Posts from February 2006

Separating the Good from the Bad

It seems like every week I hear about a new Web panel.  One recent favorite whose name makes you wonder:

Our Sampling folks work hard to stay on top of this and to sort out the contenders from the pretenders.CASRO has been threatening to develop some standards to help us sort out the good from the bad, but ESOMAR is working harder to get out in front of the issue.  To spare us from reading through their entire code they've come up with 25 questions to ask a Web panel vendor.  Here they are verbatim:

  1. Is it an actively managed panel (nurtured community) or just a database?
  2. "Truthfully" how large is it?
  3. What is the percentage of "active" members and how are they defined?
  4. Where are the respondents sourced from and how are they recruited?
  5. Have members clearly opted-in? If so, was this double opt-in?
  6. What exactly have they been asked to opt-in to?
  7. What do panel members get in return for participating?
  8. Is the panel used solely for market research?
  9. Is there a Privacy Policy in place? If so, what does it state?
  10. What research industry standards are complied with?
  11. Is the panel compliant with all regional, national and local laws with respect to privacy, data protection and children e.g.
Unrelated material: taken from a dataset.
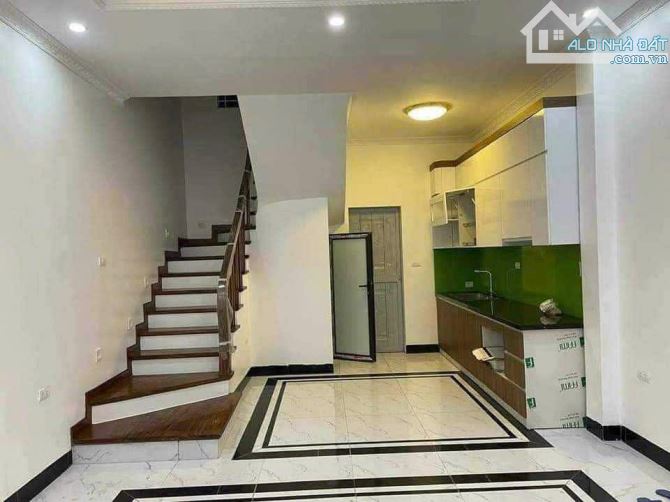 BÁN GẤP NHÀ ĐẸP ĐỘI CẤN TT BA ĐÌNH FULL NỘI THẤT 35M X 5 TẦNG 7,5 TỶ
EU Safe Harbour, and COPPA in the US?
  12. What basic socio-demographic profile information, usership, interests data, etc. is kept on members?
  13. How often is it updated?
  14. In what other ways can users be profiled (e.g. source of data)?
  15. What is the (minimum and typical) turn-around time from initial request to first deployment of the emails to activate a study?
  16. What are likely response rates and how is response rate calculated?
  17. Are or can panel members who have recently participated in a survey on the same subject be excluded from a new sample?
  18. Is a response rate (over and above screening) guaranteed?
  19. How often are individual members contacted for market research or anything else in a given time period?
  20. How is the sample selection process for a particular survey undertaken?
  21. Can samples be deployed as batches/replicates, by time zones, geography, etc? If so, how is this controlled?
  22. Is the sample randomized before deployment
  23. Can the time of sample deployment be controlled and, if so, how?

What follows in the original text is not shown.